• [Source data]:
# # # # # # #
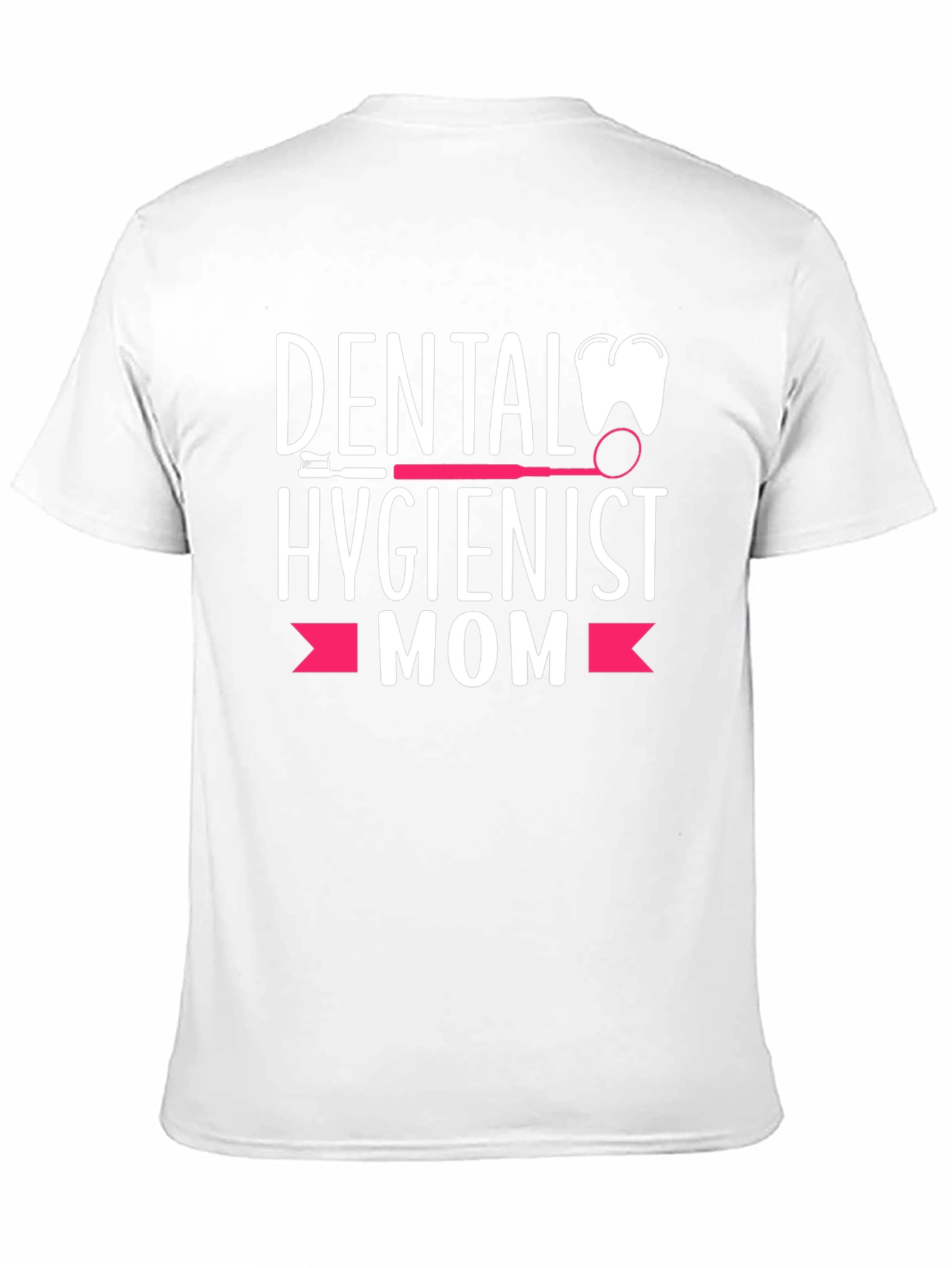 Dental Hygienist Mom T-Shirt - Perfect Gift!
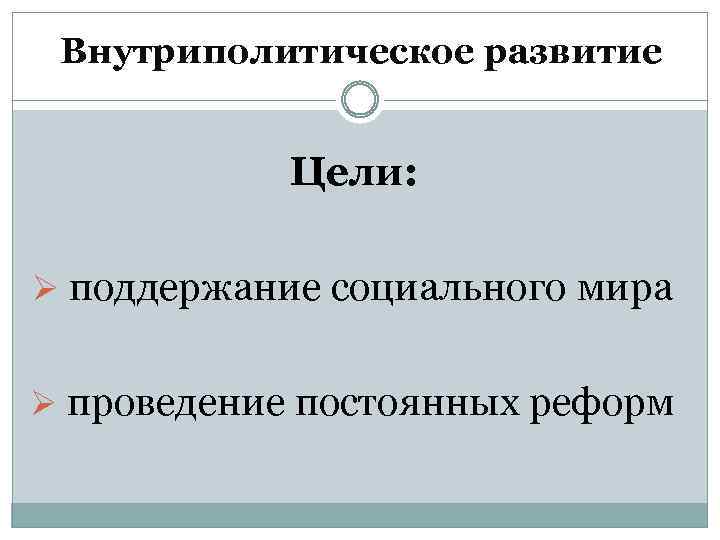 Внутриполитическое развитие Цели: Ø поддержание социального мира Ø проведение постоянных реформ 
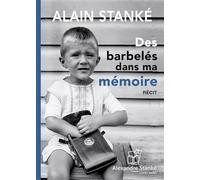 DES BARBELÉS DANS MA MÉMOIRE
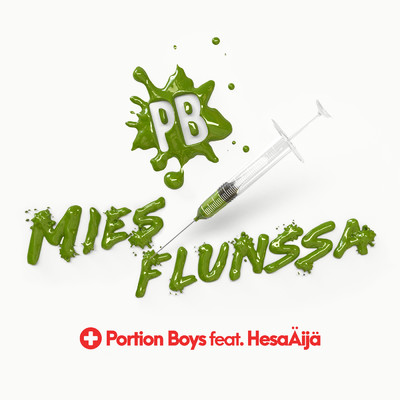 Miesflunssa (Explicit) feat.HesaAija/Portion Boys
# # # # # # #
• [What is expected]: Extract the run of lines beginning with the line that holds "DES BARBELÉS DANS MA MÉMOIRE" and ending at the last line of the data, inclusive. Exclude any pictures from the copy.

• [Task result]:
 DES BARBELÉS DANS MA MÉMOIRE
 Miesflunssa (Explicit) feat.HesaAija/Portion Boys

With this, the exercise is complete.